__What to do__: Each entry has to be given again in its exact wording, and no picture may appear in the result.

__Material supplied__:

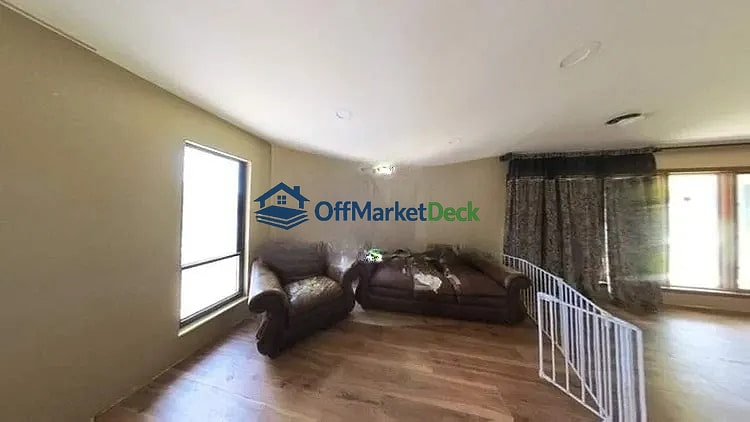 Off-market house in Ashland, Kentucky — 3 beds, 2 baths, $115,000 — photo 4 of 8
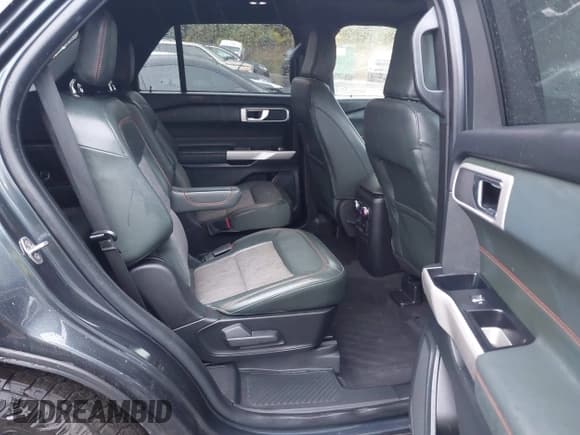 ✅ 2022 Ford Explorer Timberline • VIN: 1FMSK8JH5NGA73252 • Лот: 43557707. Опубликован ранее на IAAI с пробегом 31 747 миль. Бесплатный доступ к архиву аукционных продаж из США и подробный отчёт об истории автомобиля на DreamBid. Изображение 8.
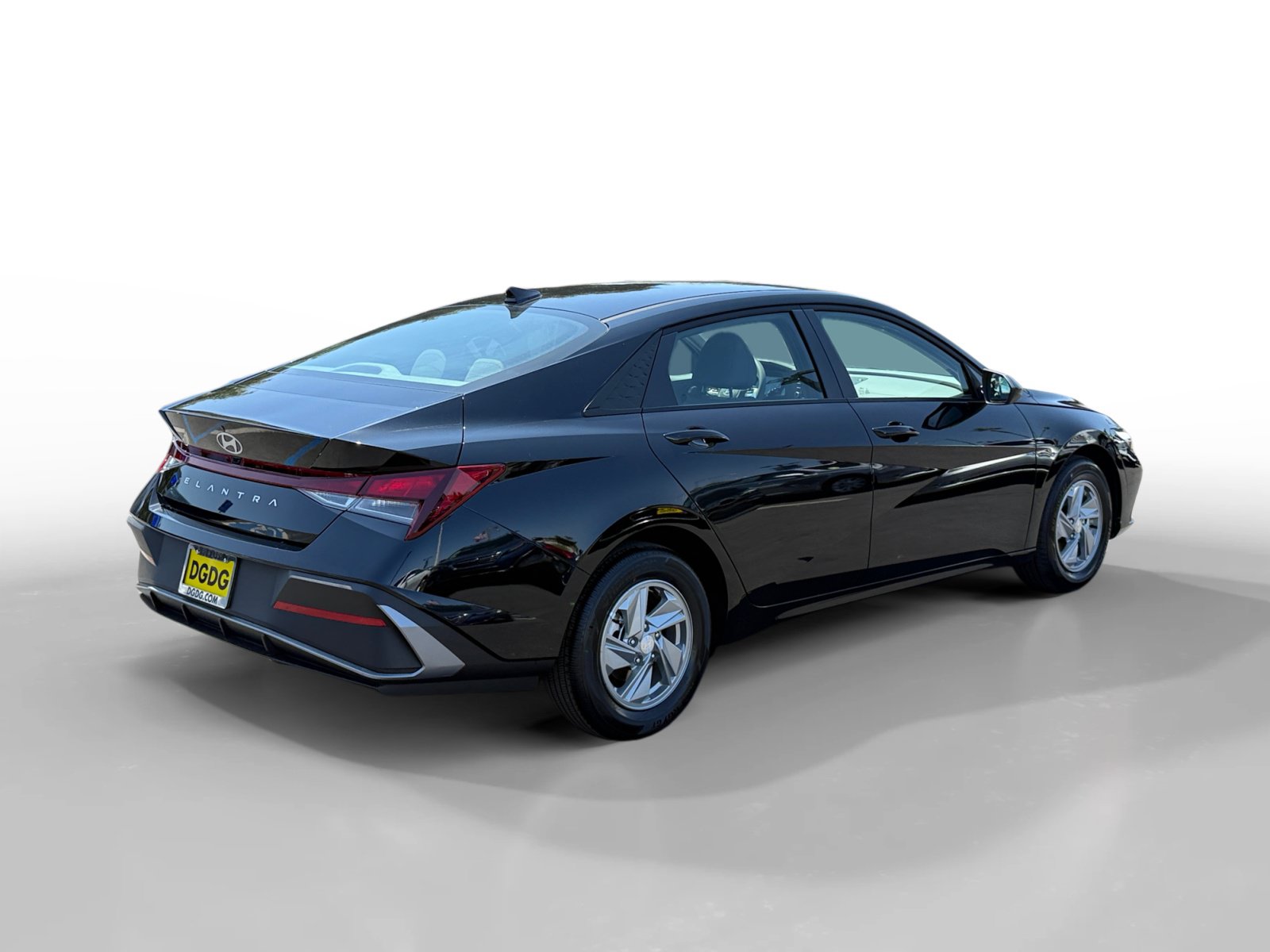 Certified 2026 Hyundai Elantra SE FWD image 5
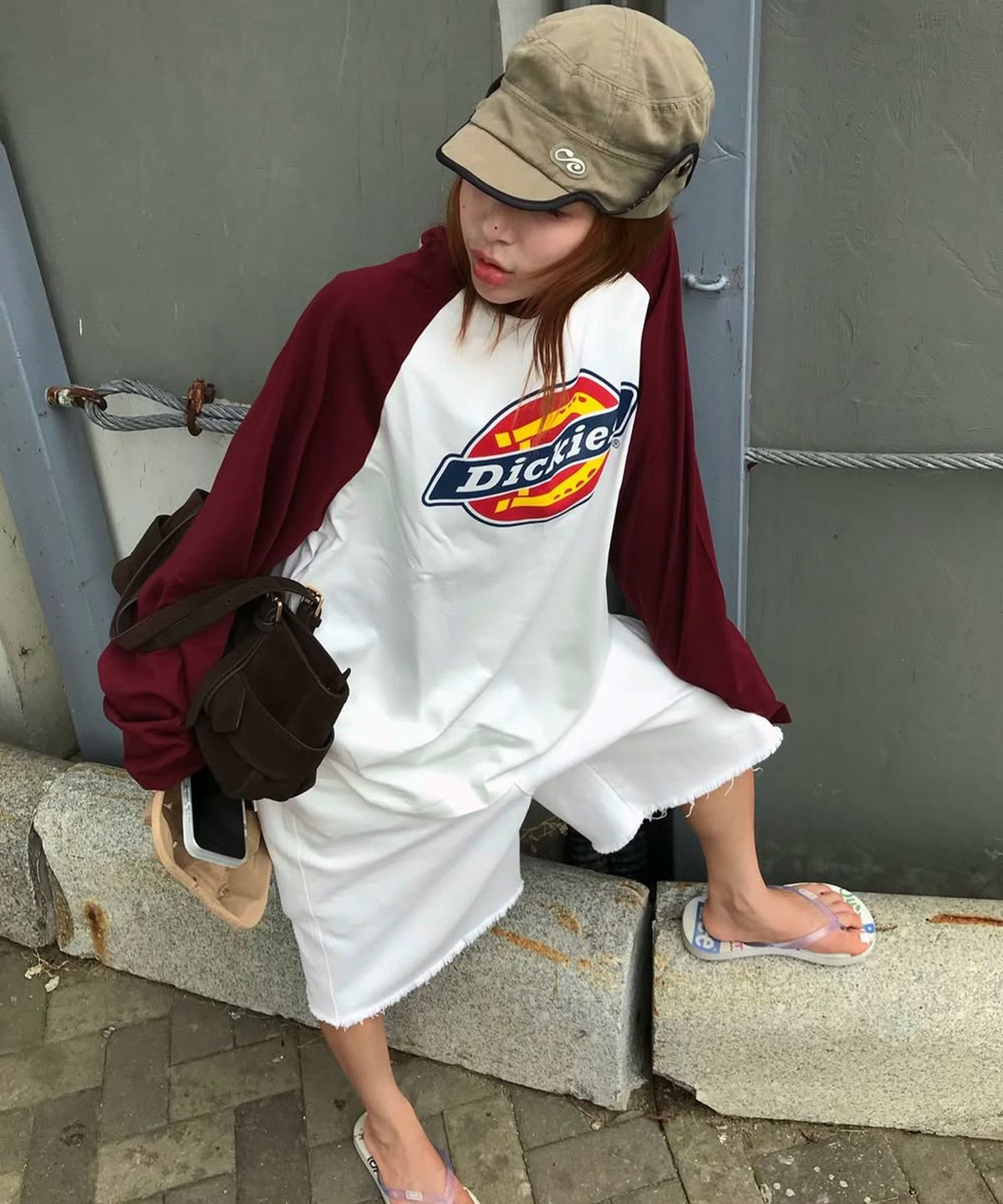 디키즈(DICKIES) 트리로고 래글런 롱슬리브 Red
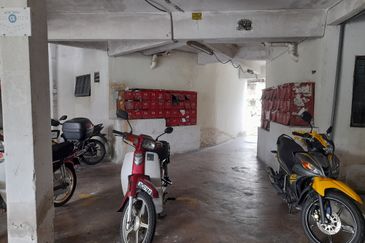 Ayers & Astaria Condominium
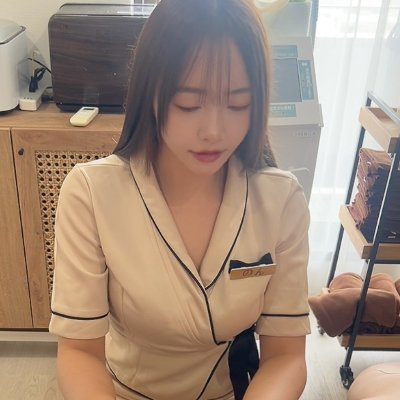 一期一会を大切にしてます🐣
普段は脱毛するひと^ ^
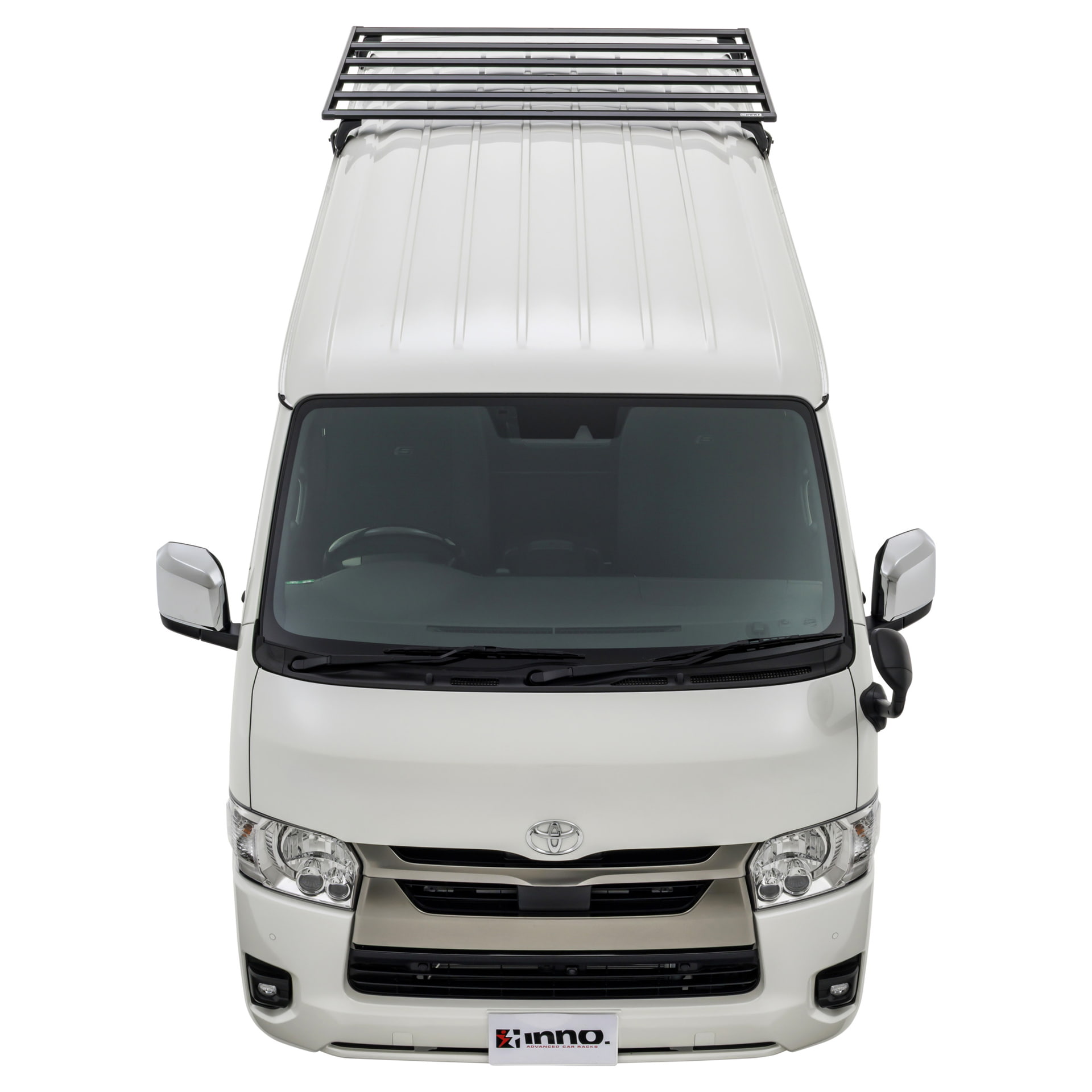 ハイエース用INNO フラットデッキベース・ハーフサイズ装着イメージ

__Final answer__:
 Off-market house in Ashland, Kentucky — 3 beds, 2 baths, $115,000 — photo 4 of 8
 ✅ 2022 Ford Explorer Timberline • VIN: 1FMSK8JH5NGA73252 • Лот: 43557707. Опубликован ранее на IAAI с пробегом 31 747 миль. Бесплатный доступ к архиву аукционных продаж из США и подробный отчёт об истории автомобиля на DreamBid. Изображение 8.
 Certified 2026 Hyundai Elantra SE FWD image 5
 디키즈(DICKIES) 트리로고 래글런 롱슬리브 Red
 Ayers & Astaria Condominium
 一期一会を大切にしてます🐣
普段は脱毛するひと^ ^
 ハイエース用INNO フラットデッキベース・ハーフサイズ装着イメージ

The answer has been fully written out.